Data to use
--

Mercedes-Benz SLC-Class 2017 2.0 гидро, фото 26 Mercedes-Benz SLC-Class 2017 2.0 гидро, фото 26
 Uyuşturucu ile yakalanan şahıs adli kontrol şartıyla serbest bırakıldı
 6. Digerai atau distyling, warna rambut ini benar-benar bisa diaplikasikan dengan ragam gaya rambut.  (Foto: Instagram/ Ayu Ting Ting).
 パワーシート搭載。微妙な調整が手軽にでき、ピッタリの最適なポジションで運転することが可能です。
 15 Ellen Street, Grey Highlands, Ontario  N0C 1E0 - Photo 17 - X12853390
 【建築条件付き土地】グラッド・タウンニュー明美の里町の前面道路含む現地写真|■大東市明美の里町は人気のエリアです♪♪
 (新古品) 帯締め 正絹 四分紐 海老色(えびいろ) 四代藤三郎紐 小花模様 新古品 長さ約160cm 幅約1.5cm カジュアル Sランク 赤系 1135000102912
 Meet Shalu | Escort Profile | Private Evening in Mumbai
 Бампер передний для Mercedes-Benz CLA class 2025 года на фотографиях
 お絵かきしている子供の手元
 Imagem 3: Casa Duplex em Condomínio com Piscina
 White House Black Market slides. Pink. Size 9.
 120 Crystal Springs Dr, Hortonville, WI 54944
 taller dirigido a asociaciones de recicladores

--

Action item
All lines from the one with "White House Black" to the end of the material above should be copied exactly, both ends included, and nothing else.

Response below
 White House Black Market slides. Pink. Size 9.
 120 Crystal Springs Dr, Hortonville, WI 54944
 taller dirigido a asociaciones de recicladores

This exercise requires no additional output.